▸ Directions: A faithful copy is required of the lines from the top of the entries through the line that contains "3d rendering of", both included, with no pictures.

(Short web captions)
"""
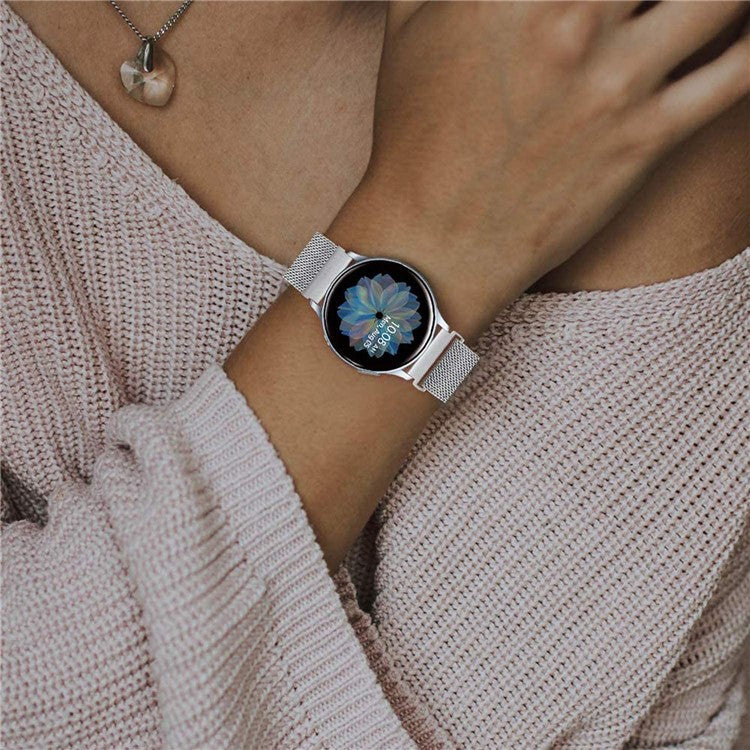 20mm Watch Band for Garmin Vivomove Luxe/GarminMove Luxe Stainless Steel Milanese Mesh Wrist Strap with Magnetic Clasp - Silver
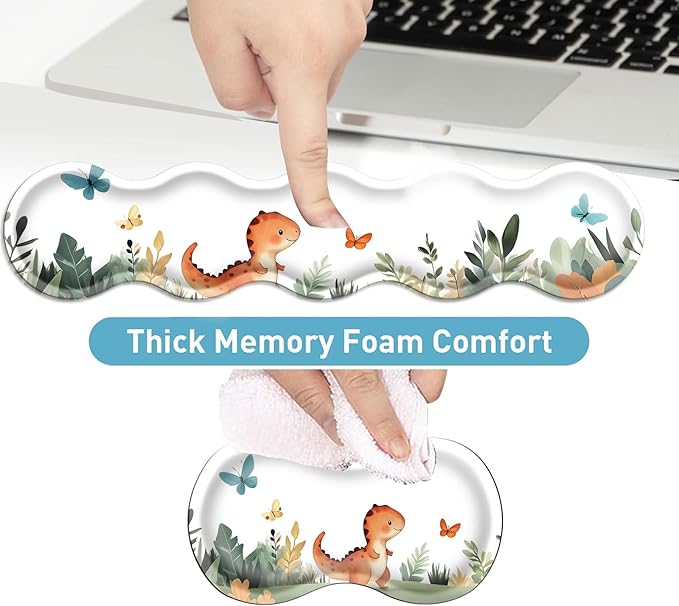 Keyboard Mouse Pad Set Extended Gaming Mouse Pad+Ergonomics Keyboard Wrist Rest Support Memory Foam Easy Typing Pain Relief 4Pcs XL Ultra Thick Desk MatCute Dinosaur Butterfly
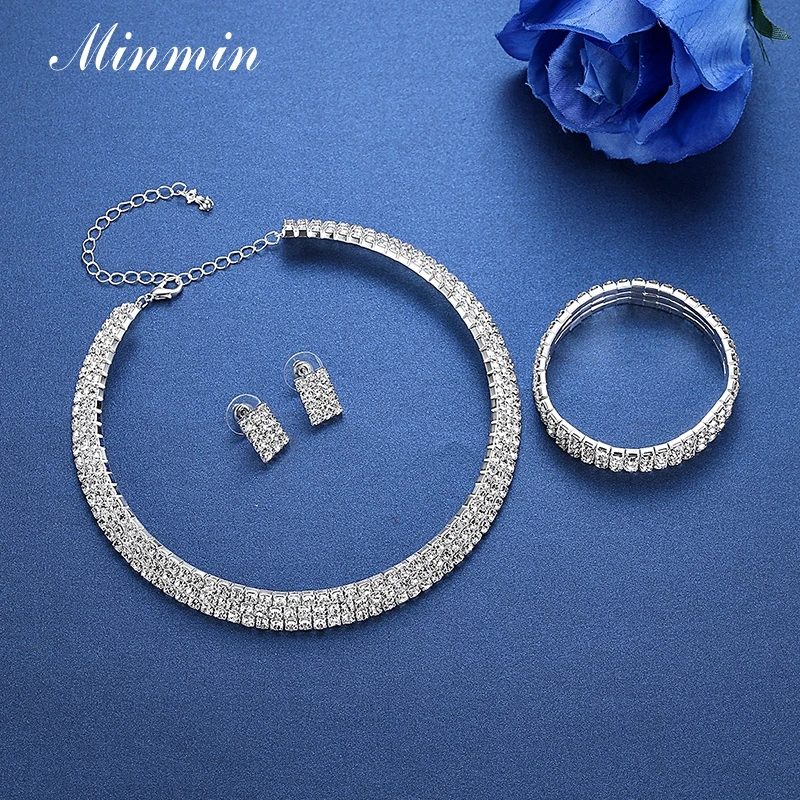 Minmin Стразы Свадебные Ювелирные наборы серебряный цвет кристалл чокер ожерелье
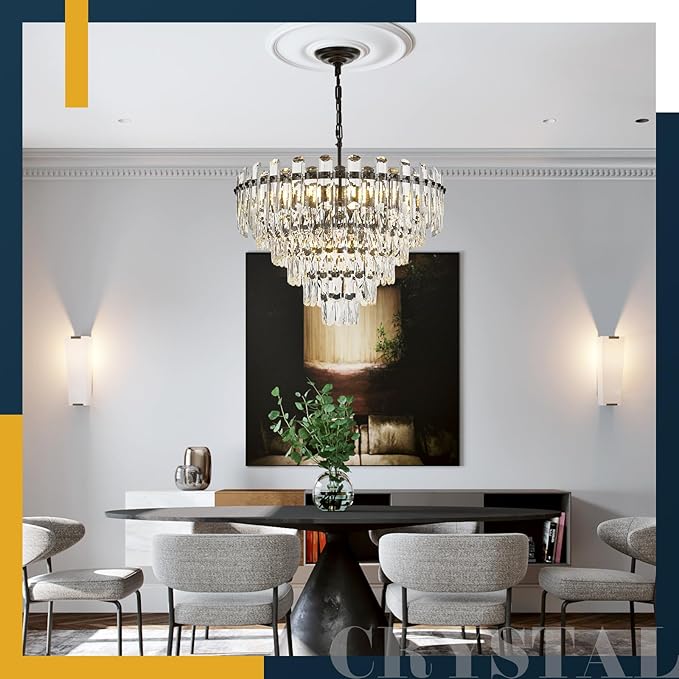 6-Tiers Modern Crystal Chandelier Black 12-Light 23.6'' Contemporary Round Pendant Chandeliers Light Luxury Ceiling Hanging Lighting for Living Dining Room Bedroom Kitchen Island Foyer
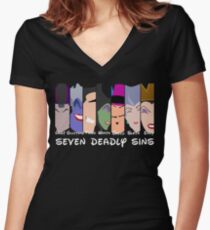The Seven Deadly Villains Women's Fitted V-Neck T-Shirt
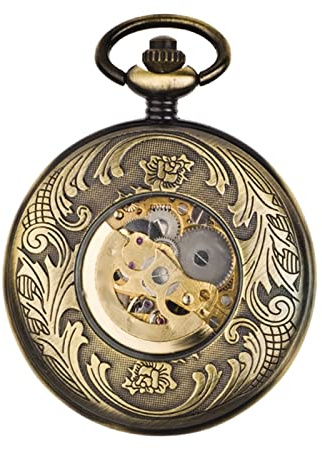 Montre de poche mécanique automatique œil de chat montre de poche rétro à rabat montre de poche photo de 4,8 cm (couleur : D)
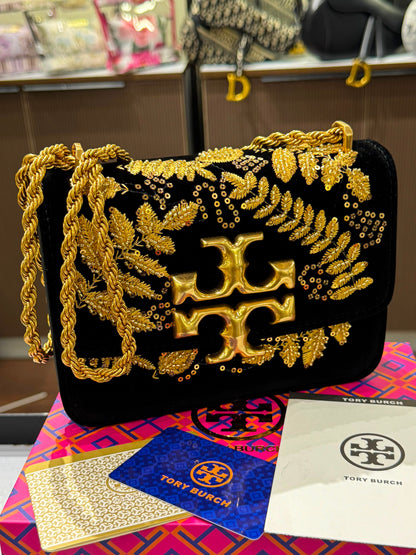 T-O-R-Y B-U-R-C-H Eleanor Embroidered Velvet Convertible Shoulder Bag – Luxe Women Bag (Gold)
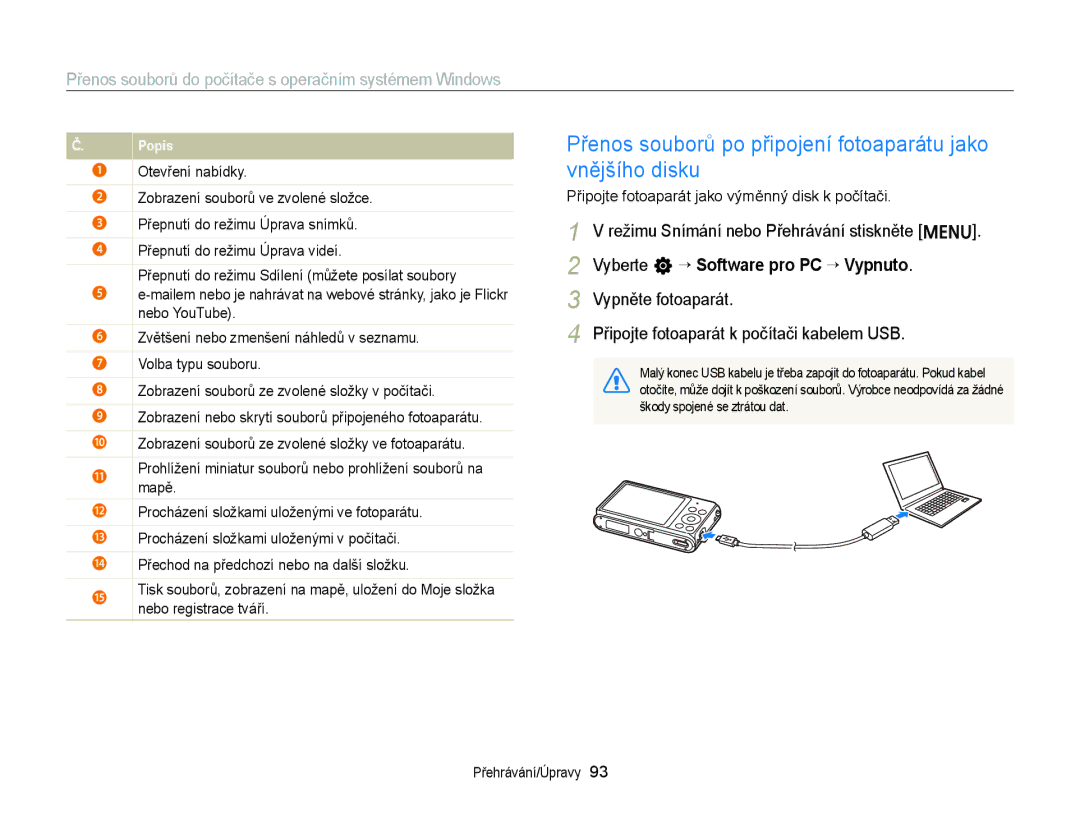 Samsung EC-ST77ZZBPLE3, EC-ST77ZZBPRE3, EC-ST77ZZBPWE3 manual Přenos souborů po připojení fotoaparátu jako vnějšího disku 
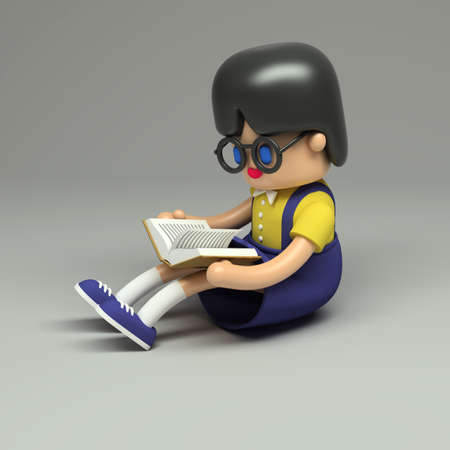 3d rendering of little girl in glasses sitting and reading book. Cartoon stylized. Cute figure on grey background. の写真素材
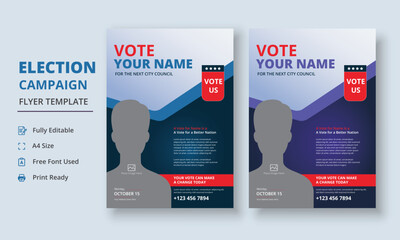 Wall Mural - Election Campaign Flyer Template, Political Campaign Flyer Template, Vote Flyer Template, Political Election Poster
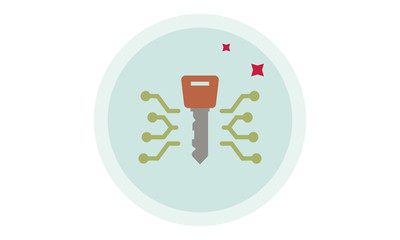 Digital encryption key icon for secure access and encryption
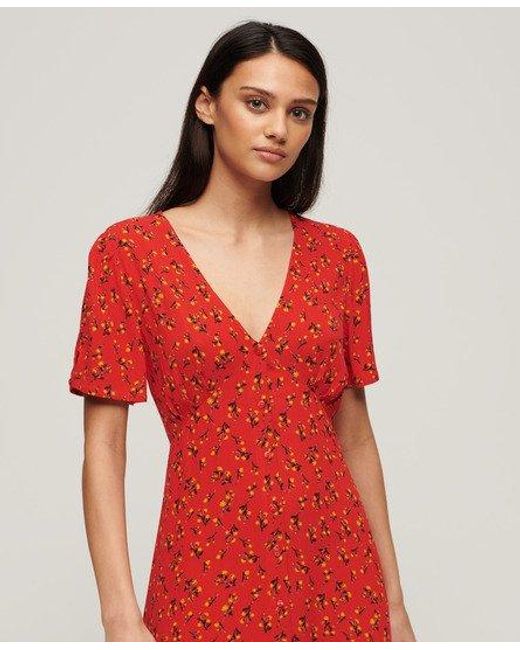 Superdry Red Printed Button-up Short Sleeve Midi Tea Dress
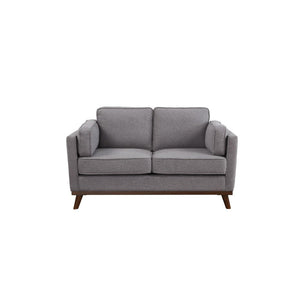 Benzara Polyester Upholstered Loveseat With Wooden Splayed Legs, Gray BM180226 Gray Polyester BM180226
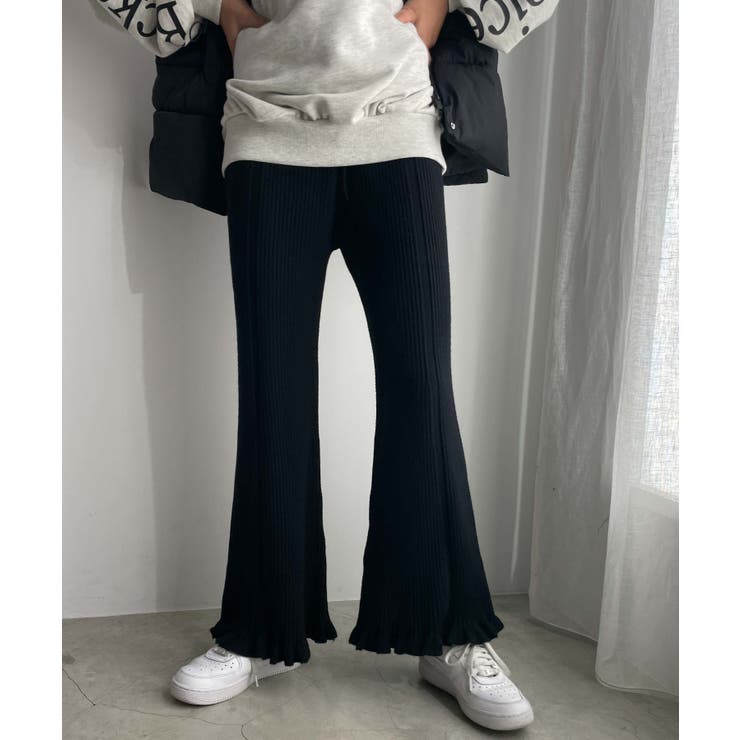 ブラック | フリルニットパンツレディース 韓国 韓国ファッション | WEGO【WOMEN】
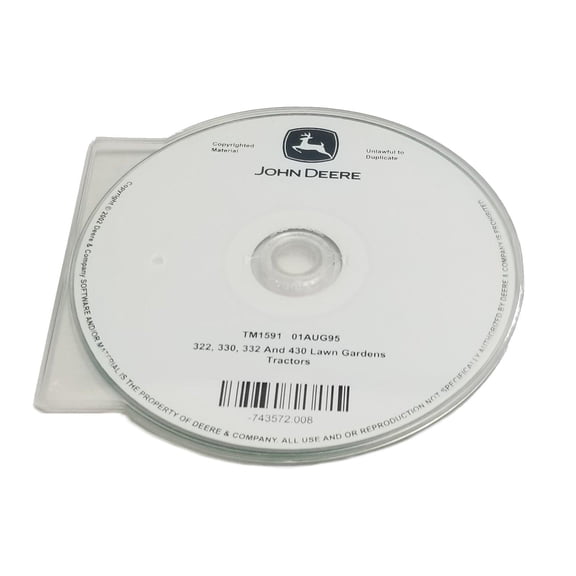 John Deere 322/330/332/430 Lawn & Garden Tractors Technical CD Manual - TM1591CD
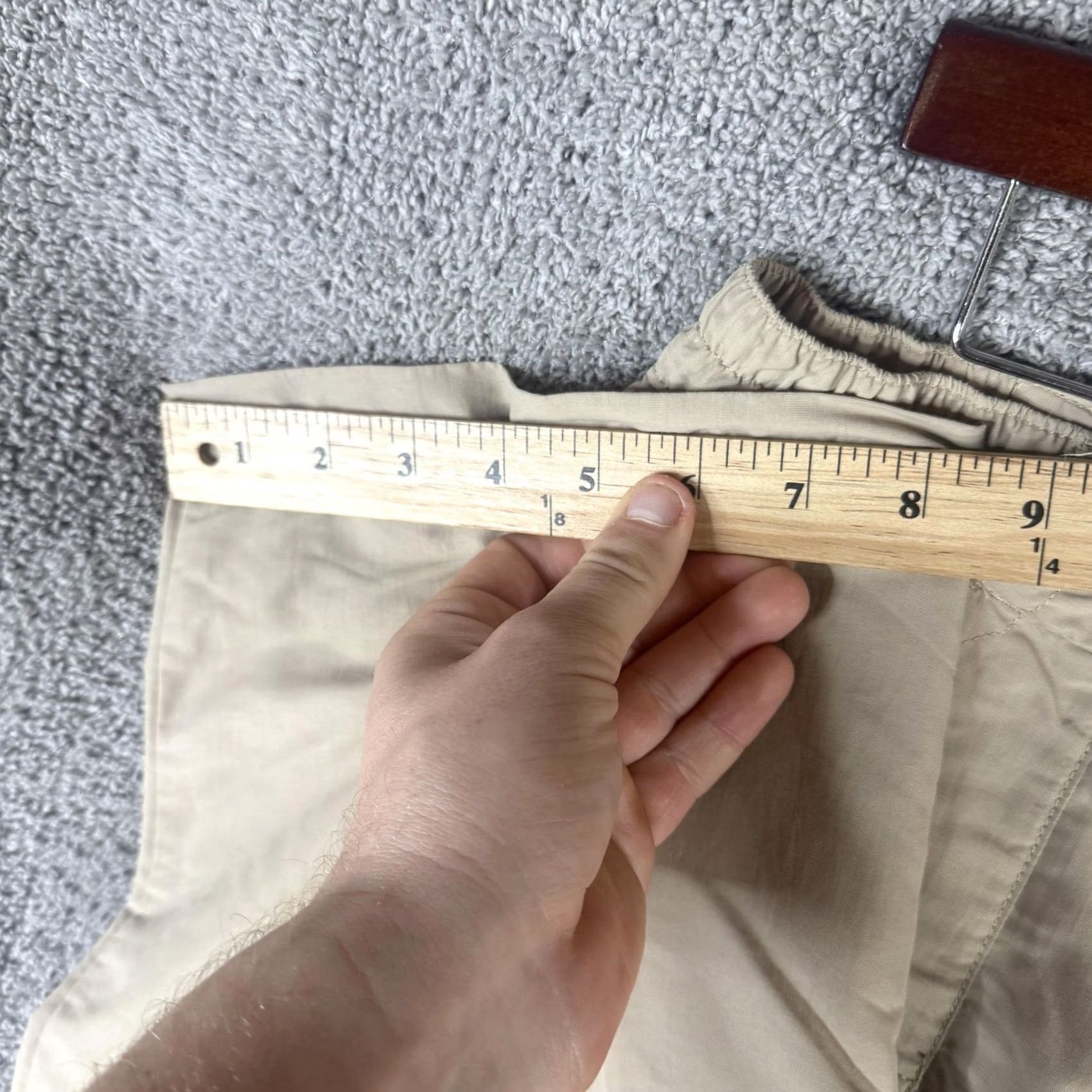 Vintage L.L. Bean Cargo Pants Mens Large Beige Nylon Elastic Waist Relaxed Fit Hiking Size US 33 - 6 Thumbnail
"""
▸ Result for this exercise:
 20mm Watch Band for Garmin Vivomove Luxe/GarminMove Luxe Stainless Steel Milanese Mesh Wrist Strap with Magnetic Clasp - Silver
 Keyboard Mouse Pad Set Extended Gaming Mouse Pad+Ergonomics Keyboard Wrist Rest Support Memory Foam Easy Typing Pain Relief 4Pcs XL Ultra Thick Desk MatCute Dinosaur Butterfly
 Minmin Стразы Свадебные Ювелирные наборы серебряный цвет кристалл чокер ожерелье
 6-Tiers Modern Crystal Chandelier Black 12-Light 23.6'' Contemporary Round Pendant Chandeliers Light Luxury Ceiling Hanging Lighting for Living Dining Room Bedroom Kitchen Island Foyer
The Seven Deadly Villains Women's Fitted V-Neck T-Shirt
 Montre de poche mécanique automatique œil de chat montre de poche rétro à rabat montre de poche photo de 4,8 cm (couleur : D)
 T-O-R-Y B-U-R-C-H Eleanor Embroidered Velvet Convertible Shoulder Bag – Luxe Women Bag (Gold)
 Samsung EC-ST77ZZBPLE3, EC-ST77ZZBPRE3, EC-ST77ZZBPWE3 manual Přenos souborů po připojení fotoaparátu jako vnějšího disku 
 3d rendering of little girl in glasses sitting and reading book. Cartoon stylized. Cute figure on grey background. の写真素材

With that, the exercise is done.